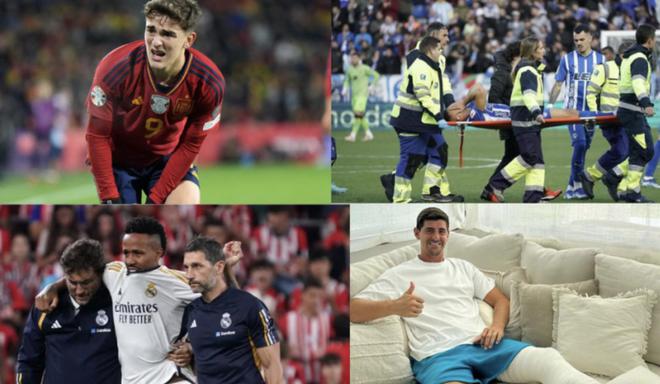 層面的重大 層面的重大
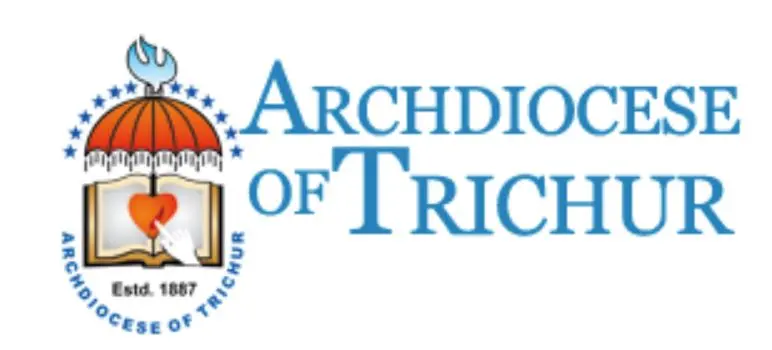 Photo Courtesy: trichurarchdiocese.org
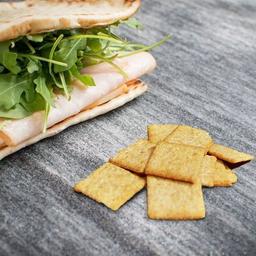 Product thumb gallery 616028222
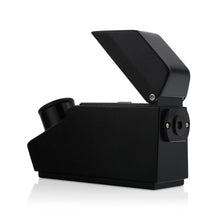 Load image into Gallery viewer, DK91006-900 Precision Gem Refractometer - GemTrue
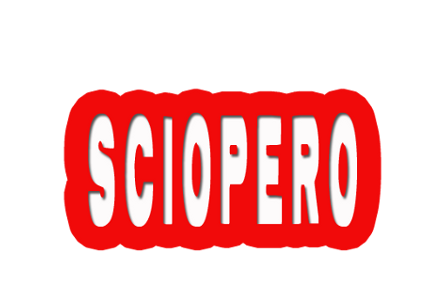 scioper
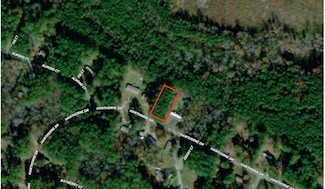 0 Hawthorne Dr Unit 8 56912, Bracey, VA 23919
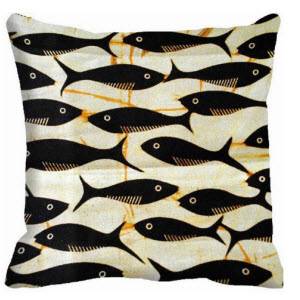 cushion cover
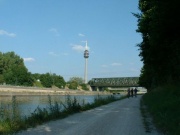 Nürnberg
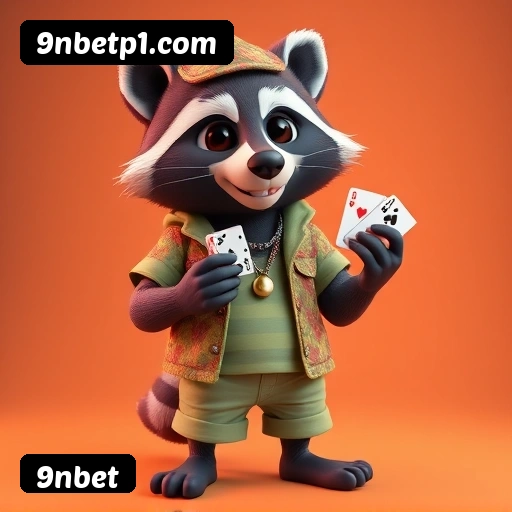 Equipe de suporte ao cliente da 9nbet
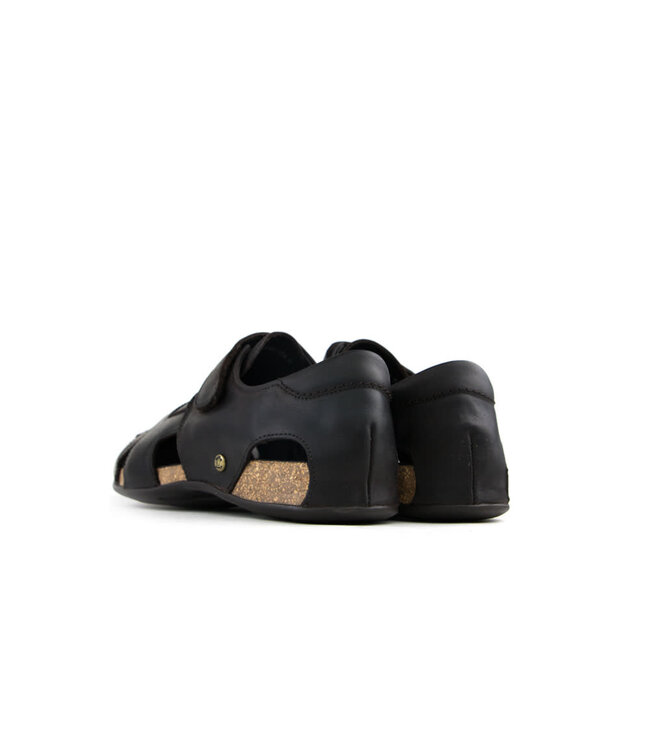 Panama Jack Sandaal Fletcher Basics C1 Marron Brown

******

■ WHAT THE TASK REQUIRES ■
Your output should be the lines above from the one that contains "Product thumb gallery 616028222" through the one that contains "Equipe de suporte ao cliente da 9nbet", word for word, with pictures left out.

■ RESPONSE TO THIS EXERCISE ■
 Product thumb gallery 616028222
 Load image into Gallery viewer, DK91006-900 Precision Gem Refractometer - GemTrue
 scioper
 0 Hawthorne Dr Unit 8 56912, Bracey, VA 23919
 cushion cover
 Nürnberg
 Equipe de suporte ao cliente da 9nbet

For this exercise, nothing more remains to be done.